> **PROBLEM DETAILS**:
Repeat the data exactly. Pictures stay out.

(INFORMATION SHOWN)

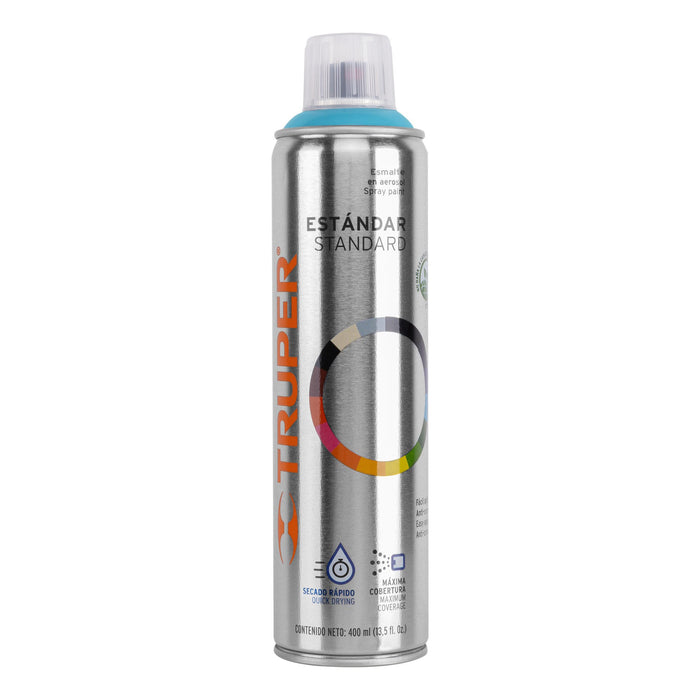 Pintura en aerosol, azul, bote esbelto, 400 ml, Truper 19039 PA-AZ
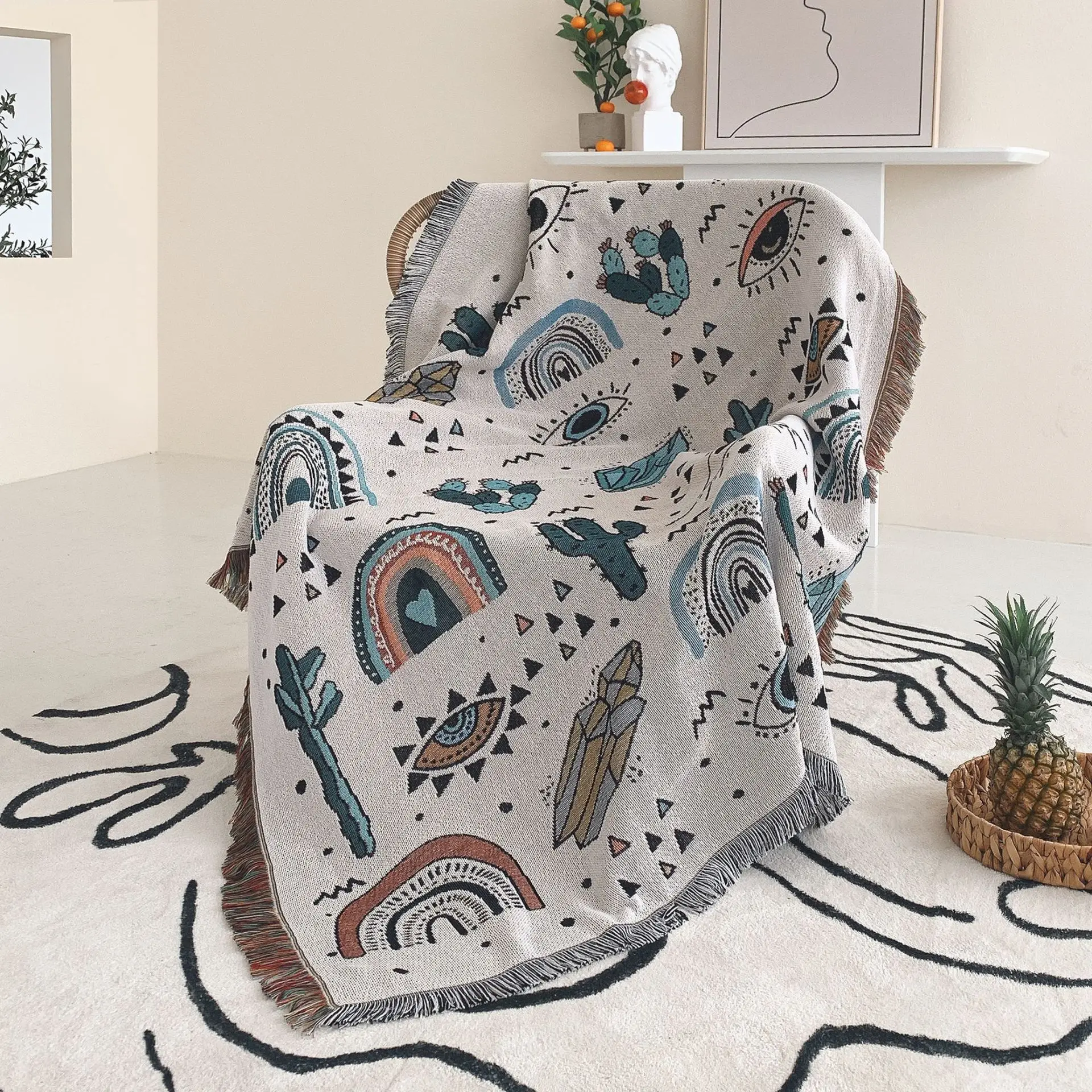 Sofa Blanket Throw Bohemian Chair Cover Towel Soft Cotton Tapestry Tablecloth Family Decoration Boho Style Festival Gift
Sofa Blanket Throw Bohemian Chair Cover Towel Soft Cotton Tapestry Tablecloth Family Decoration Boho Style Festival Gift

(End INFORMATION SHOWN)

> **EXERCISE RESULT**:
 Pintura en aerosol, azul, bote esbelto, 400 ml, Truper 19039 PA-AZ
 Sofa Blanket Throw Bohemian Chair Cover Towel Soft Cotton Tapestry Tablecloth Family Decoration Boho Style Festival Gift
Sofa Blanket Throw Bohemian Chair Cover Towel Soft Cotton Tapestry Tablecloth Family Decoration Boho Style Festival Gift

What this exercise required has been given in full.